Conceptual model of detection of phishing attacks based on the use of support vector methods
DOI: 10.31673/2409-7292.2024.020003
DOI:
https://doi.org/10.31673/2409-7292.2024.020003Abstract
The article examines the problem of identifying cyberthreats in the information system of organizations, using the example of phishing attacks. Phishing is the initial vector of attacks to achieve the attacker’s goal and will allow information about user accounts, network data or administrator data to be obtained. To solve the problem of detecting cyberattacks on the information system of the organization, the concept of detecting phishing attacks is proposed in the work. The main idea of the concept is the application of machine learning methods that allow analysis of large volumes of data. Phishing attacks can be detected precisely through the analysis of large volumes of data. One advantage of machine learning methods is that such methods will detect illicit trends, known tactics and practices of this type of attack. The paper shows the peculiarities of identifying features in relation to the input data of the proposed model. It was the identification of signs by known techniques of phishing attacks that allowed us to obtain a set of data as input signs. The input data was used as the basis of the support vector method, which classifies the received data into phishing and legitimate ones.

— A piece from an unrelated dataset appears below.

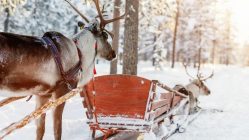 Laponie Le Pays Du Pere Noel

As a result of the study, qualitative characteristics of the phishing attack detection model were obtained. The calculated accuracy and sensitivity of the model are applied to SVM with a linear kernel and radial basis function (RBF). Verification of the adequacy and accuracy of the selected models is shown on the example of the ROC curve, which shows the predictions regarding the detection of phishing. Therefore, the proposed conceptual model allows to expand the directions of research on the detection of phishing attacks in the information system of the organization by means of additional methods of processing input data and improving methods of machine learning.
Keywords: information system, model, cyber security, attack, phishing, anomaly, signs of intrusion detection, information security, machine learning.